The hour-long session on March 27 was deemed too short for the full overall discussion, so the board decided to continue the conversation by folding it into another workshop (set for April 10) on facilities planning and the district's most recent enrollment report -- topics that also address capacity issues in northern Pleasanton.
"I think that this is super exciting," trustee Jamie Yee Hintzke said during the workshop last week. "I mean, this is really the next direction our school district needs to go in."
The conversation about new educational programs comes as the board has been considering whether to open at least one new elementary school in the near future to address existing and projected overcrowding at schools on the north side of town.
No decision has been made about whether to build a new school, let alone the potential location or if it would be traditional K-5 or the district's only K-8 campus, but the board is looking at its options.
Staff briefly presented 10 different models for specialized learning that could be implemented as part of a potential new K-8 school: LEAD (literacy, enrichment, academics and digital arts), a dual language immersion program, project-based learning, STEM (science, technology, engineering and mathematics), International Baccalaureate (IB), Montessori, an international school, STEAM (STEM subjects plus arts), a visual and performing arts academy, and a Waldorf school.
Jenni Tyson, director of elementary education, said that a non-specialized K-8 campus is also an option. In her staff report, Tyson included research indicating that a K-8 model could lead to improved academic performance for students, particularly pointing to the advantages of having fewer "transition" years.
These specialized programs could be implemented as stand-alone or in conjunction with one another, according to staff. Some of these -- like a focus on STEM and project-based learning -- are already being used in classrooms throughout the district.
Staff chose, however, to spotlight two options: a possible Mandarin dual language immersion program and the IB program.
"In light of our desire to be global, in our preparation for students, and we say that we want our students to make a better world, we decided to highlight a couple that have global connections," said Odie Douglas, assistant superintendent of educational services.
A Mandarin dual immersion program might look similar to the Spanish immersion program already in place at Valley View Elementary, he said. Community members have expressed an interest in such a model, he said, and the option could meet the needs of Pleasanton's growing community.
The IB program -- which, according to its website aims to teach students in a global context, "independently of government and national systems" -- would also have an immersive component, as students in the program are required to learn another language.

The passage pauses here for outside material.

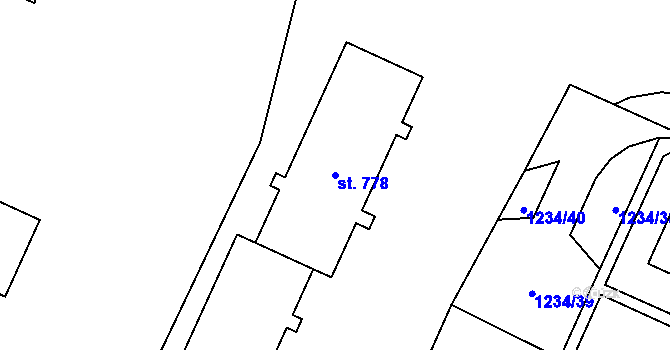 Parcela st. 778 v KÚ Mariánské Lázně, Katastrální mapa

Trustees overall expressed excitement about the ideas, though they did have questions regarding how prospective models would affect the existing district school structure and students' continuation into high school.
"I would think there might be some requirements and/or limitations on certain programs, with a certain type of facility -- space, layout of a certain school," board vice president Valerie Arkin said. "So I'm trying to figure out how do we mesh those things together."
Douglas replied that right now staff just wants board direction on the programs of most interest, and then they would be able to work on the logistical components, such as architectural design, staffing, enrollment and budget.
Hintzke suggested having the IB and dual language immersion programs operate tangentially, considering IB's foreign language proficiency requirement.
Board member Steve Maher asked if an entire school should be dual language immersion. Superintendent David Haglund replied that a whole-school immersion program can be difficult, unless the surrounding population lends itself to that.
He pointed to Valley View, where the principal is trying to expand and improve upon the Spanish immersion program there. Part of the problem, he said, is that the dual language immersion program at the elementary school isn't aligned with the same program that continues through Pleasanton Middle School and Foothill High School.
"At elementary school, when you're learning the language, you're learning the language at the same time that you're learning math and science," Haglund said. "And yet when they get to that high school level and even in some ways at the middle school level, you're really only getting the language component in your language class, or maybe an ELA class."
Even going outside for recess can pose immersion challenges at Valley View, he said. If a program were wholly immersive, students would be speaking Spanish (or Mandarin) outside too.
Three members of the public spoke during the public comments section, with Tonya Bass asking how a K-8 program would affect special education classes. Board president Mark Miller responded that while trustees could not specifically reply to her comment, that concern would certainly be addressed.
At the April 10 workshop, the board is set to continue the discussion on the K-8 models in the context of the updated demographics report and its student enrollment projections.